The playbook is Alice in Wonderland. “‘When I use a word’, Humpty Dumpty said in rather a scornful tone, ‘it means just what I choose it to mean – neither more nor less’.”

Also competing for space with the slapped Oscars’ host on Monday, was new evidence that Boris Nemtsov, a fierce Putin adversary shot dead within yards of the Kremlin in 2015, had been tracked by a Russian government agent linked to an assassination squad for a year before he died.

We are constantly told that Putin is driven by disrespect from the outside world, in which case he has nothing to lose now. The stupid lies and posturing assume that listeners will be too preoccupied by the price of fuel to notice that some three in four Ukrainians told opinion pollsters in December that they considered Russia a “hostile state”. Or that they will be too busy consulting their useful idiots’ glossary – “yeah but the US/Nato military-industrial complex. . .” – to notice the rubble heaps and mass graves that used to be Mariupol.

The “yeah but the US/Nato” default is wonderfully versatile. It can as easily be trotted out to attack Biden’s “gaffe” – which he is defending to the death – as to fulminate about Nato’s illegal assistance for Kosovo in 1999. That kind of shorthand overrides the fact, say, that all diplomatic avenues with Serbia had been exhausted by 1999 and that the intervention was deemed illegal only because a single UN Security Council member had rigidly exercised its veto on that occasion.
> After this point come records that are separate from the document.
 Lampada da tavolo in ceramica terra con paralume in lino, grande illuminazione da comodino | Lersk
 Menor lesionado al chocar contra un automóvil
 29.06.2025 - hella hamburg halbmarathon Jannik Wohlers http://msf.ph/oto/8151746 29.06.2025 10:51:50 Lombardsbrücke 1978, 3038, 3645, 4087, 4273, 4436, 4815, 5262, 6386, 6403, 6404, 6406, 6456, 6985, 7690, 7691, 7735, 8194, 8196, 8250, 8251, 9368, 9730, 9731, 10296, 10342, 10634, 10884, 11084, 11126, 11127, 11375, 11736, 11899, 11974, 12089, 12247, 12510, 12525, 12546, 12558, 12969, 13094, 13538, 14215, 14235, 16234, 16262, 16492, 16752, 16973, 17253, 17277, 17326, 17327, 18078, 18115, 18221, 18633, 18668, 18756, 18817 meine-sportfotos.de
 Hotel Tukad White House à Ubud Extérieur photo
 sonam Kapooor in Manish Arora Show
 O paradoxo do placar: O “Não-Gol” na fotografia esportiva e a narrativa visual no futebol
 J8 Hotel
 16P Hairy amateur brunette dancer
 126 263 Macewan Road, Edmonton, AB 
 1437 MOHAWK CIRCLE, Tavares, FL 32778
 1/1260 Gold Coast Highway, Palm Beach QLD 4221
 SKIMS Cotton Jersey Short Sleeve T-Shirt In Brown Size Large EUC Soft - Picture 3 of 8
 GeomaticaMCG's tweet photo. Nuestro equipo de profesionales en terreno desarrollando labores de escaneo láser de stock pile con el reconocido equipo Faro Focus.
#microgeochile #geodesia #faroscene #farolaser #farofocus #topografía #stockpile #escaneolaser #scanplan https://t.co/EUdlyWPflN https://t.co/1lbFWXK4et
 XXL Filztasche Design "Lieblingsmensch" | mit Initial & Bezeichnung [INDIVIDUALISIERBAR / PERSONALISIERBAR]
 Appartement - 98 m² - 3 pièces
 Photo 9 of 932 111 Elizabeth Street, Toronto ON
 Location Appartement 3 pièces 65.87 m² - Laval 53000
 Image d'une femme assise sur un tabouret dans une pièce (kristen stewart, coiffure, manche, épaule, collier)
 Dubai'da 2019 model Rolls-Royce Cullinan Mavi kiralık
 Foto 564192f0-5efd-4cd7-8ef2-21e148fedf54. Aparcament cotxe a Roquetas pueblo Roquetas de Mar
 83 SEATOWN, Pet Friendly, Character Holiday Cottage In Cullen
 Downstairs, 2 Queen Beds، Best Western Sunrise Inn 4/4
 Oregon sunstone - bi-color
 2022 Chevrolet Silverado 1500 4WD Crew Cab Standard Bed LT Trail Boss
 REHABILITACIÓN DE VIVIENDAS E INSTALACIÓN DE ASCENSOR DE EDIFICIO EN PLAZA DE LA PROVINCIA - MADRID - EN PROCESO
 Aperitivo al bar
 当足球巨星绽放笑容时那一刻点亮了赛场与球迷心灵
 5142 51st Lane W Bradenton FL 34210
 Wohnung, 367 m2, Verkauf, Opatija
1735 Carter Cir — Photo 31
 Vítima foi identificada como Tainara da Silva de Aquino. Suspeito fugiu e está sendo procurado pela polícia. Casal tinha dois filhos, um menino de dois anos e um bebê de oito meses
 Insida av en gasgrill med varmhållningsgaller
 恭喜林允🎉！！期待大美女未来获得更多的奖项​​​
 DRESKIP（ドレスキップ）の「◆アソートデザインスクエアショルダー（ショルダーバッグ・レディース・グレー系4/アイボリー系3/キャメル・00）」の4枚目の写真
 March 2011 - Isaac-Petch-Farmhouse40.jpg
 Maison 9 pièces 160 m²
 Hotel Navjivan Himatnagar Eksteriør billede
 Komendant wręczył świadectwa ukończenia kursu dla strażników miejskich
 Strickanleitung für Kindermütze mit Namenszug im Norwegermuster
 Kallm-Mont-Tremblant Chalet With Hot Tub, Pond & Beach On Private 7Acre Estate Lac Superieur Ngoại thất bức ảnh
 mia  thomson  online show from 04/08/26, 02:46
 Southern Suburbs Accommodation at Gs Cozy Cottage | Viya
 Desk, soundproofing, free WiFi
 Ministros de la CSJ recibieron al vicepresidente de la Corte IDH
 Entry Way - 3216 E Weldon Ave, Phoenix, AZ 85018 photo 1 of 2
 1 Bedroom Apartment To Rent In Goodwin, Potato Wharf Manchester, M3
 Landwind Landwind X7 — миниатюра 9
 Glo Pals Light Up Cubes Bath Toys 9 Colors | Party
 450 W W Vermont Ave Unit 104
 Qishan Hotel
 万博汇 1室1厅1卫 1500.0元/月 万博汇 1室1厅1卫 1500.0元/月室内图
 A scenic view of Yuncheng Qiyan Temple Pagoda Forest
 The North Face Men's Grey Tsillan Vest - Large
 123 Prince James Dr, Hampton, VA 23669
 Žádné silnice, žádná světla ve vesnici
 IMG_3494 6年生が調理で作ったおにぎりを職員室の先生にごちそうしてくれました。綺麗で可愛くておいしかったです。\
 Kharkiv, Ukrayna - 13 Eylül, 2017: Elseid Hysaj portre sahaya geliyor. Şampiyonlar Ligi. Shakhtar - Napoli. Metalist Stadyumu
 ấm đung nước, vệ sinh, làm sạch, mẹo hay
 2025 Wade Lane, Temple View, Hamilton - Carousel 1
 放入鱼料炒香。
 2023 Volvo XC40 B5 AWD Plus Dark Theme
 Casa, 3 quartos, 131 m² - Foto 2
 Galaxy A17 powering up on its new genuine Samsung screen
Guess which member?

Who would want to be a Ukrainian negotiator tasked with reaching a binding agreement with Putin? Ukraine must have peace. Nuclear war must be avoided at all costs. Any talks are a gamble with a psychopath who also must not be rewarded for his war crimes. What have the “yeah but the US/Nato” merchants to offer in that scenario?

After Russia, it is fashionable to sneer at the EU’s naive, bourgeois attempts to lay down the sword and trade with ancient enemies. Memories are short. Stella Ghervas’ Conquering Peace: From the Enlightenment to the European Union traces two centuries of the search for lasting peace by European thinkers and leaders (conspicuously Russians in the 19th century), showing how one generation after another has confronted the hard and tedious struggle of how to reconcile the defeated to their losses and manage the triumphalism of the victors.

The question now is the existential problem of Russia. Thanks to last year’s amendment handily signed into law by President Putin himself, his presidency potentially extends to 2036.

A new democratic start would be impossible without paying a price and acknowledging national guilt

We are slow to believe that this is what ordinary Russians want or voted for. The Russian novelist Mikhail Shishkin is a realist. He believes that Russians for the most part support the war because “the overwhelming majority still bow before power and accept this patrimonial way of life. . .”.

Unlike Germans, forced to look at concentration camps in 1945 and to endure the painful process of coming to terms with guilt, Russia has had no Nuremberg trials for the Communist party, no de-Stalinisation.

Just as Germany’s long, painful rebirth was predicated on total, crushing military defeat, Russia needs this zero hour, too, he writes in the Guardian. A new democratic start would be impossible without paying a price and acknowledging national guilt. He and Biden agree that Russia’s fate depends on what the novelist calls de-Putinisation. But that mammoth, agonising generational task cannot be undertaken by either Nato or the Ukrainians. “We Russians must clean up our country ourselves.”